Argentina Resident Owning a U.S. LLC: No-Treaty Tax Guide (2025-2026)
Treaty benefit source hierarchy
How to support a treaty position back to primary sources.
Treaty article
The specific U.S. income-tax treaty provision you rely on.
Internal Revenue Code
How U.S. law interacts with the treaty position.
Treasury regulations & guidance
How the IRS interprets and applies the rule.
Disclose on Form 8833
Report a treaty-based return position when required.
Key Takeaways
- Argentine founders should start from default U.S. rules.
- The home-country file matters a great deal in a no-treaty structure.
- The U.S. LLC still needs a clean payee and owner-funding file.
- One shared cross-border file makes the structure easier to manage.
Argentine founders should expect the home-country file to matter a lot
Argentina is not on the current IRS treaty list, so the U.S. side often starts from default rules. That makes the residence-country reporting file more important because any relief or credit planning usually has to be handled locally rather than through a treaty shortcut.
The local side is not an afterthought here.
The U.S. LLC still needs a clean U.S. identity
Even in a no-treaty country, the U.S. LLC should have a consistent payee story, W-8 documentation where relevant, and a complete owner-funding ledger. Weak U.S. records make the no-treaty structure harder, not easier.
The entity still has to earn credibility.
Argentine founders should build one cross-border file, not two disconnected ones
Keep the U.S. documents, platform statements, and local reporting support together. That way the structure can be explained as one business rather than as two incompatible bookkeeping systems.

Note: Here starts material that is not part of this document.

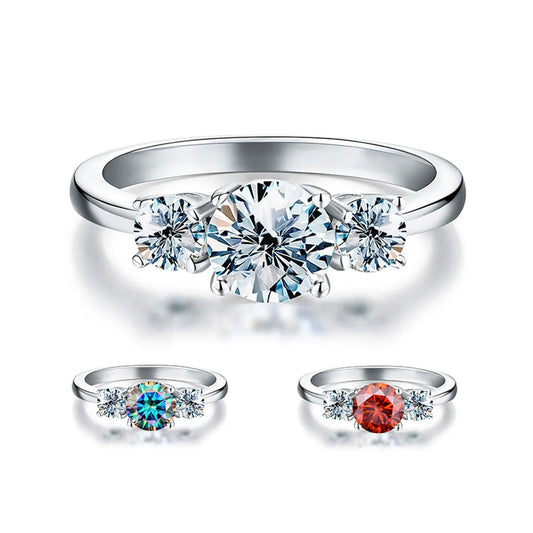 Elegant Lady Round Sterling Silver Moissanite Rings In Bulk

That is what keeps the year-end process manageable.
Frequently Asked Questions
Does Argentina have a current U.S. income tax treaty?
Not on the current IRS treaty list.
What should Argentine founders organize first?
Organize the income-type file, owner-funding ledger, and the local reporting support documents.
Why does the home-country file matter so much?
Because any local relief or credit planning generally has to be handled there rather than through a U.S. treaty route.